Как ни страшна была Тайная канцелярия, как ни слепо выполнялись ее указы не только отдельными лицами, но и разными правительственными учреждениями, все-таки была иной раз и оппозиция: так в настоящем случае, в деле рассылки штрафованных баб, Синод решительно не согласился дать даже одной из них место в монастыре. „Святейший Синод, по согласному своему приговору, — отписывался в Тайную обер-секретарь Синода, — велел оную бабу Акулину не токмо в тот Успенской, но и в прочие девичьи монастыри не принимать, понеже она свет-скаго чину, а не монахиня. И между монахинями, благочинно житие препровождающими, таковым непотребным за вины их осужденным бабам быть весьма неприлично, а особливо оный Успенский девичий монастырь содержится под собственным призрением ея величества, императрицы Екатерины Алексеевны, и без указу ея величества, хотя бы и из монахинь, никого туда определять вновь невозможно. Также и в других монастырях, которые по духовному регламенту затворены, принимать ее не надлежит, ибо не токмо таким бабам, в излишестве присылаемым, но и монахиням, издавно безпорочно пребывающим, зело нуждное во многих местех пропитание находится. А таких баб, за вины в работу определяемыя, надлежит отсылать куды пристойно кроме монастырей, чтобы монашескому чину напрасной от того тщеты не происходило…“
Прочитав многоглаголивое объяснение иерархов церкви, объяснение, впрочем, опершееся на указ государя, Тайная канцелярия опять попыталась предложить в казенные работы всех трех баб, если же их опять „примать не будут, то всех трех баб свободить с запискою на волю“, сказав им обычный указ о молчании.
Но отчего ж не принять даровых, хотя и сеченных работниц?

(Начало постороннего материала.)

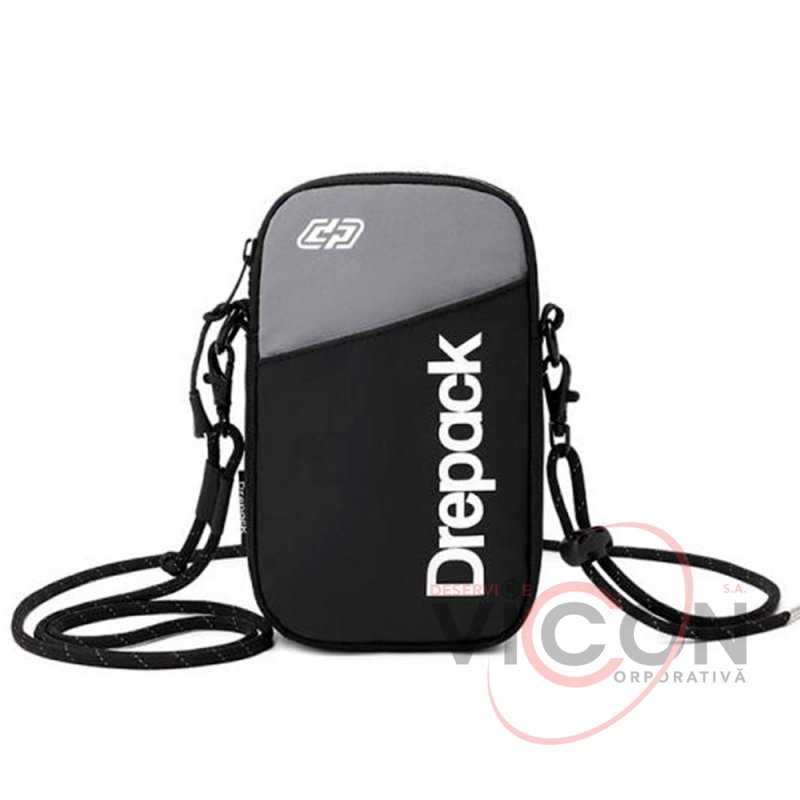 Сумка через плечо Drepack 18*11*3 черная (для мобильного телефона)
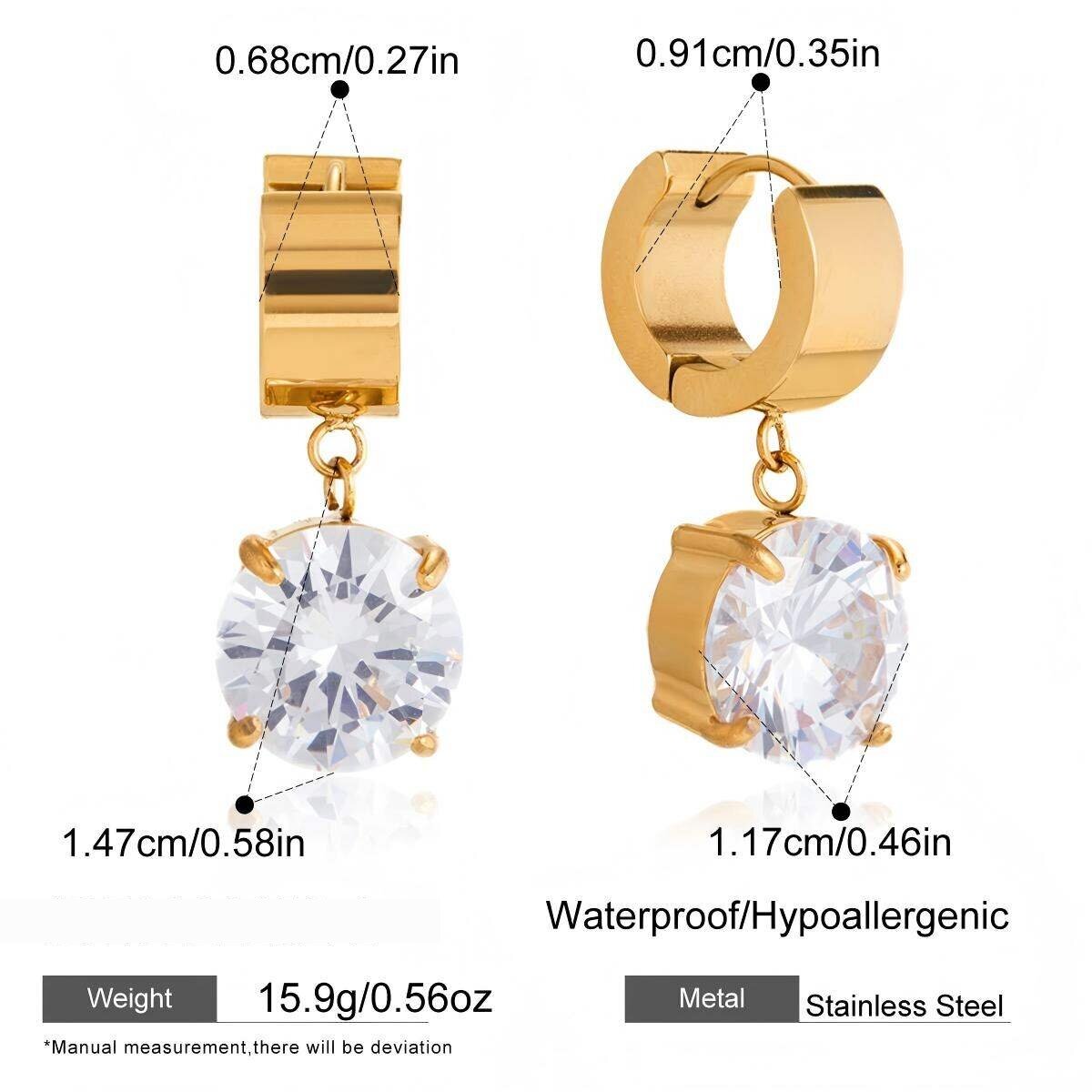 Pretty Rectangle Stainless Steel Gold Color Zircon Waterproof&Anti-Tarnish Women's Drop Earrings h5 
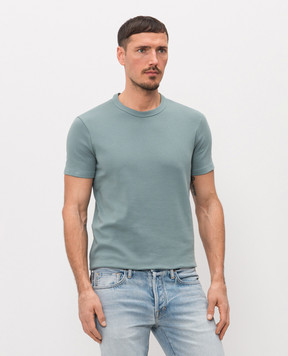 Tom Ford Green T-shirt with logo patch T4M081040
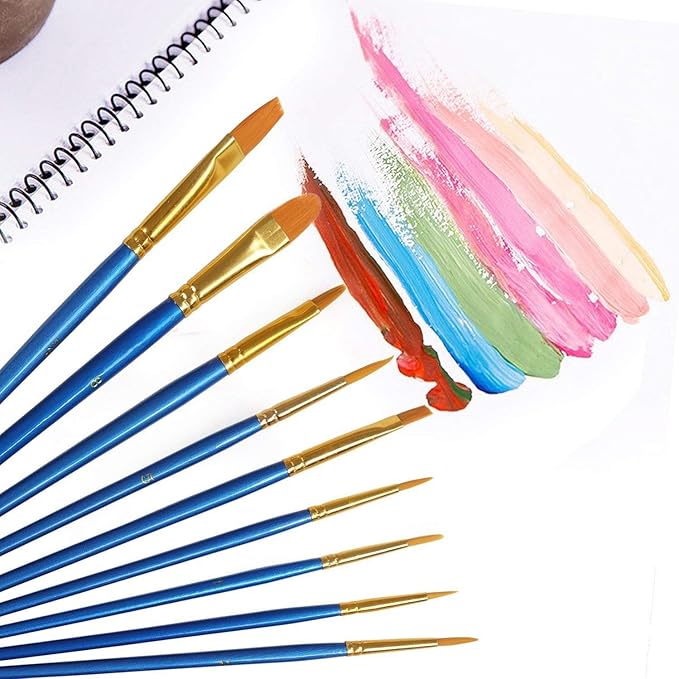 AROIC Painting Brush Set, 30 Packs/300 Pieces, Nylon Brush Head, Suitable for Oil and Watercolor, Perfect Suit of Art Painting, Best Present for Painting Enthusiasts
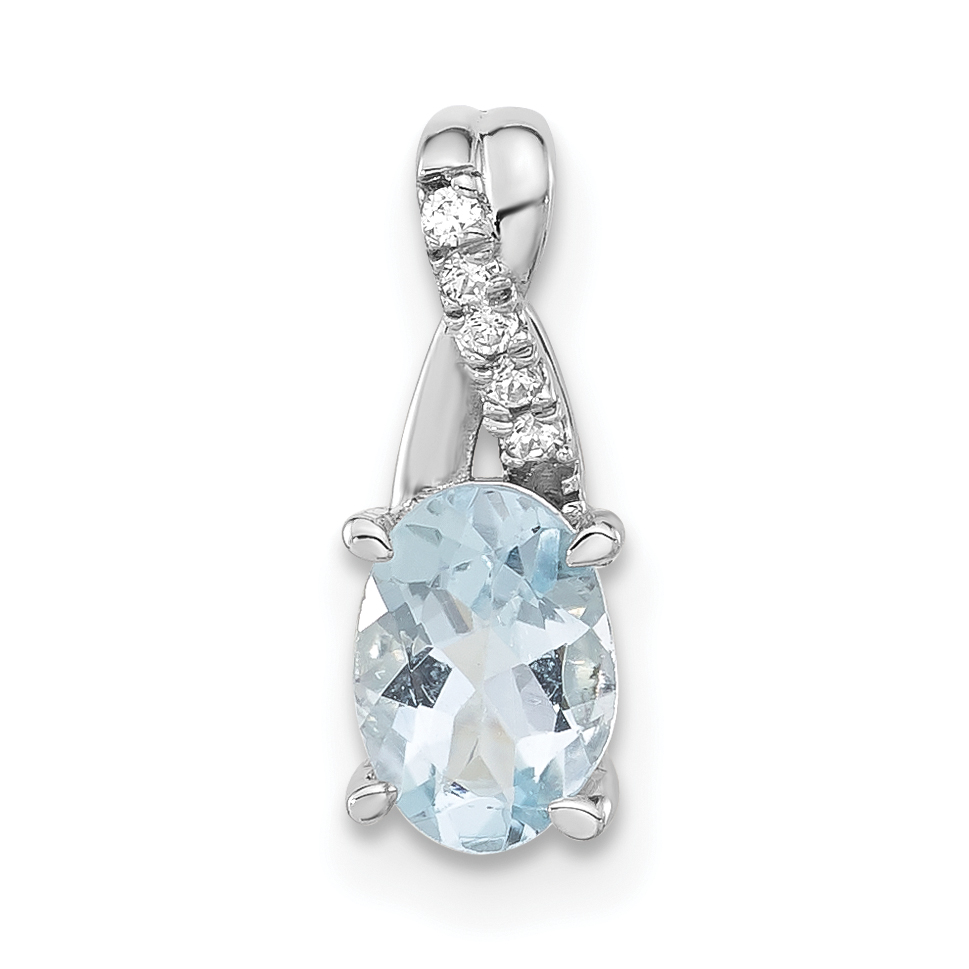 14K White Gold Oval Aquamarine and Diamond Pendant (PM4235-AQ-003-WA)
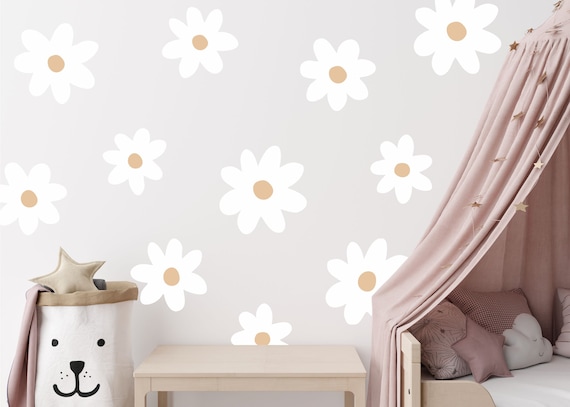 Boho Daisy Wall Decals - Removable Flower Wall Stickers, Set Of 10 Large (11"x11") For Nursery & Kids Room - View #9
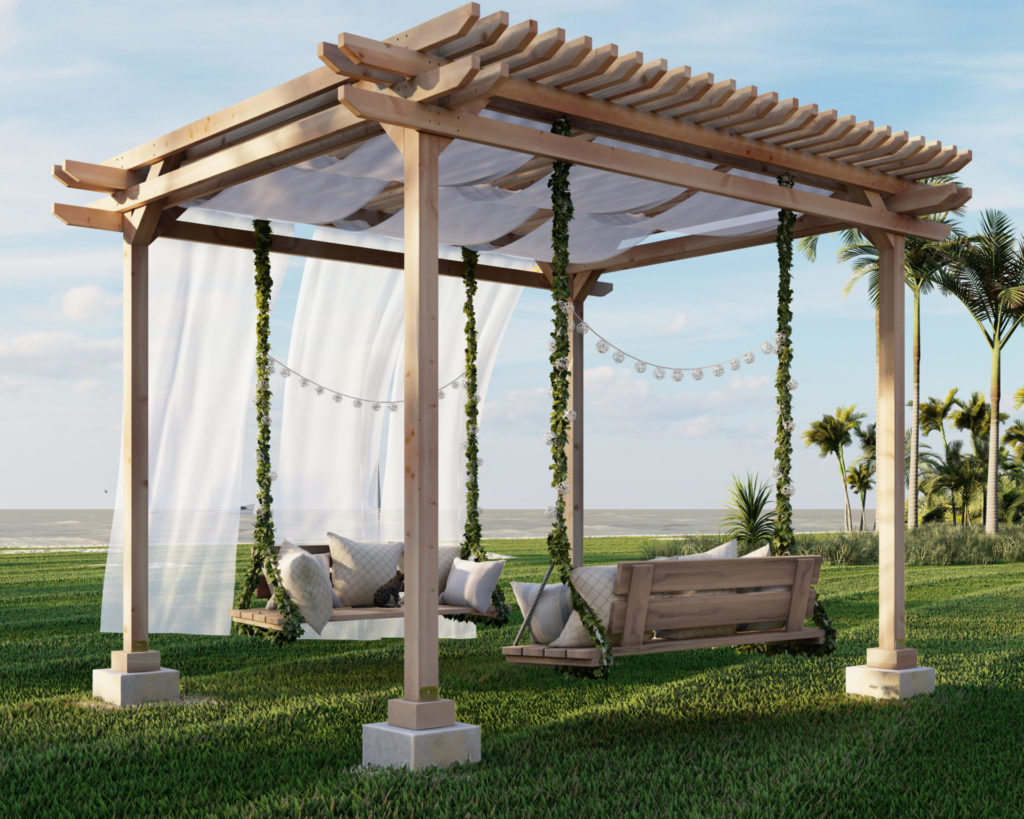 DIY pergola plan, wooden patio cover, wooden canopy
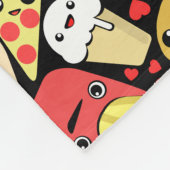 Kawaii Nahrungsmittelcharakter-Muster Fleecedecke (Ecke)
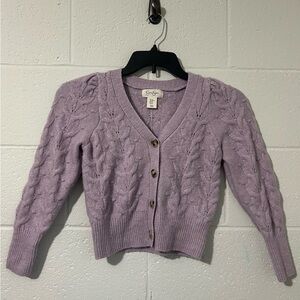 Jessica Simpson Purple Cardigan V-Neck Sweater Cable Knit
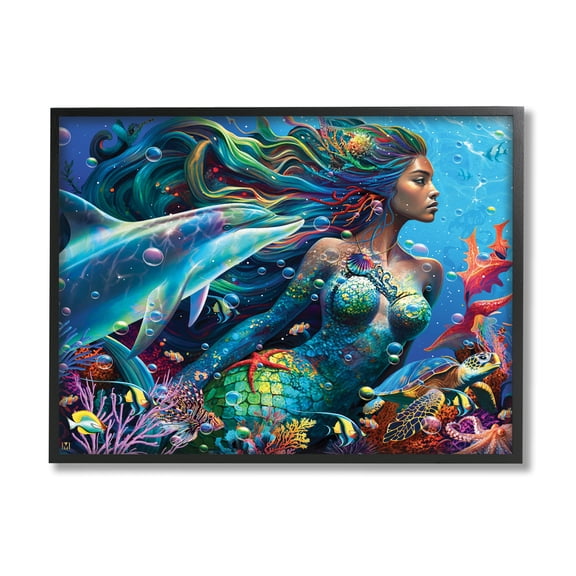 Stupell Industries Mermaid Underwater Sea Life Fairy Tales & Fantasy Painting Black Framed Art Print Wall Art, 20 x 16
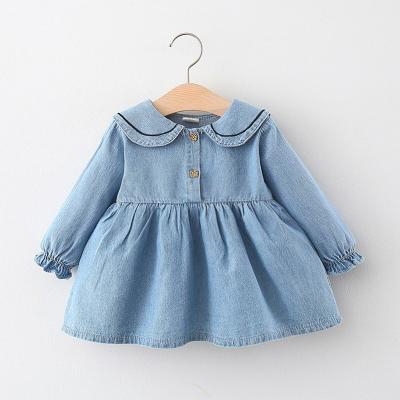 China New Fashion Infant Girls Spring Autumn Long Sleeve Casual Denim One-Piece Dress Casual Jeans Dress For Kids for sale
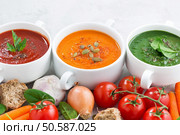 assortment of vegetable cream soups and ingredients, closeup. Стоковое фото, агентство Ingram Publishing / Фотобанк Лори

На предложение это Мануфактур-коллегия отвечала: „Бабы эти стары, а у нас мануфактурные все фабрики отданы на откуп кумпанейщикам, посадским людям, и те кумпанейщики оных баб за старостию не принимают для того, что работать эти бабы не могут, а кормить их кумпанейщикам от себя без работы неможно“.
„А у нас, — отозвалась на промеморию Адмиралтейс-коллегия, — прядильных дворов нет, а есть только парусная фабрика, но на те фабрики не токмо тех старых и притом пытанных баб, но и моложе их принимать не велено“.
Этот приказ о неприеме штрафованных женщин не распространялся на фабрики кумпанейщиков, но действительно они принимали только способных к работе… Вот, например, зайдем вслед за наблюдательным Берхгольцом в одну из обширнейших и богатейших в то время фабрик в Москве — купца-кумпаней-щика Тамсена.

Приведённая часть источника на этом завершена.